## What you have to do
The whole listing that follows is to be restated word for word, images excluded.

═══ Data section

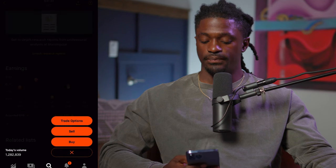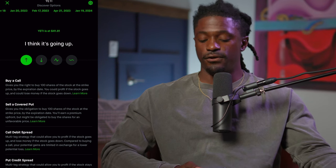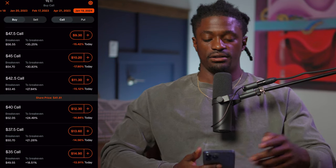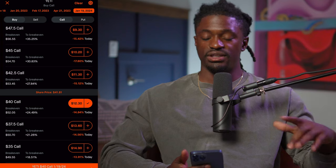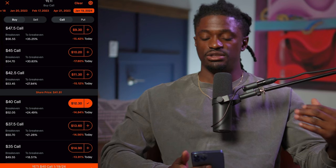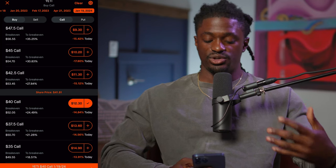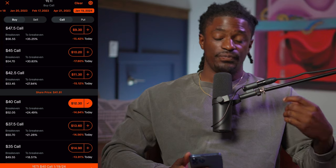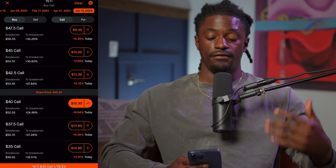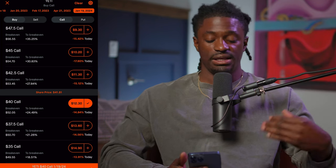If you want to do a LEAP on Yeti, you hit Trade, then Trade Options, and scroll all the way to the right to January 19, 2024 — about two years out. Hit Buy Call. I like to buy in-the-money calls, so I'd pick this one here — it costs $12.30 per share. Since options are 100 shares, this would cost $1,230 total. For me to break even, Yeti would have to go up 24% over the next two years, from around $41.81 to $52.05.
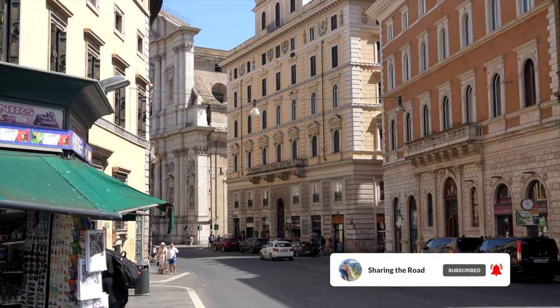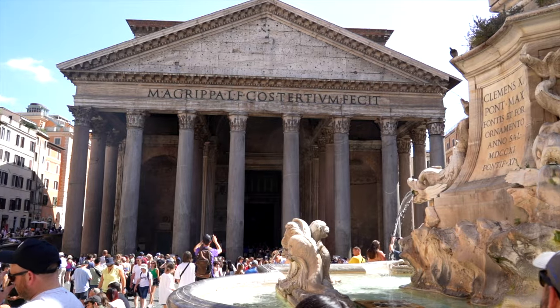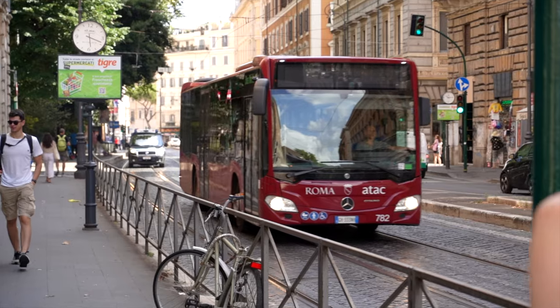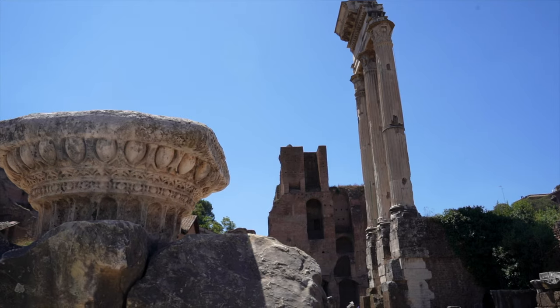There's also the option to purchase a Roma Pass, which gives you access to certain main attractions and unlimited public transport rides while valid. We'll link more information below on the Roma Pass if this interests you.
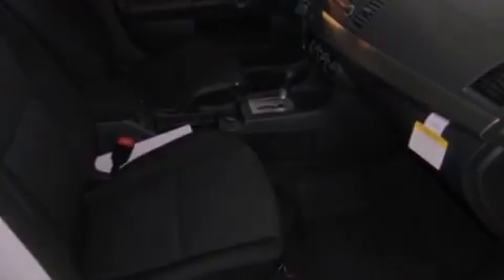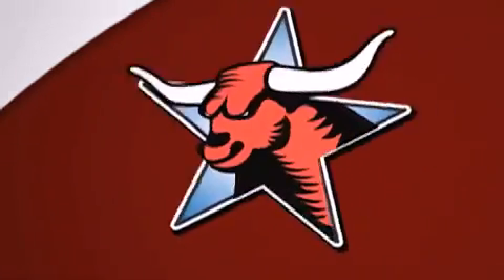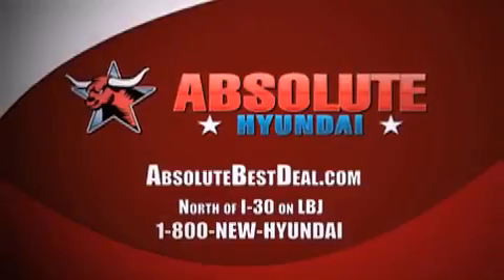Stop by today and test drive this vehicle for yourself. All new Hyundais come with America's best 10-year, 100,000-mile warranty. Absolute Hyundai, north of I-30 on LBJ in Mesquite.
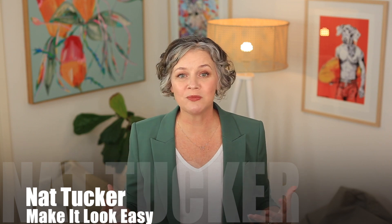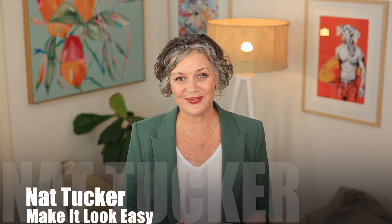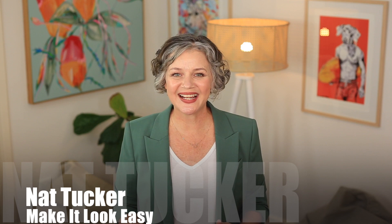I hope this gives you some food for thought and helps you try new things in your wardrobe. See you next time.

══════

## Reply
If you want to do a LEAP on Yeti, you hit Trade, then Trade Options, and scroll all the way to the right to January 19, 2024 — about two years out. Hit Buy Call. I like to buy in-the-money calls, so I'd pick this one here — it costs $12.30 per share. Since options are 100 shares, this would cost $1,230 total. For me to break even, Yeti would have to go up 24% over the next two years, from around $41.81 to $52.05.
There's also the option to purchase a Roma Pass, which gives you access to certain main attractions and unlimited public transport rides while valid. We'll link more information below on the Roma Pass if this interests you.
Stop by today and test drive this vehicle for yourself. All new Hyundais come with America's best 10-year, 100,000-mile warranty. Absolute Hyundai, north of I-30 on LBJ in Mesquite.
I hope this gives you some food for thought and helps you try new things in your wardrobe. See you next time.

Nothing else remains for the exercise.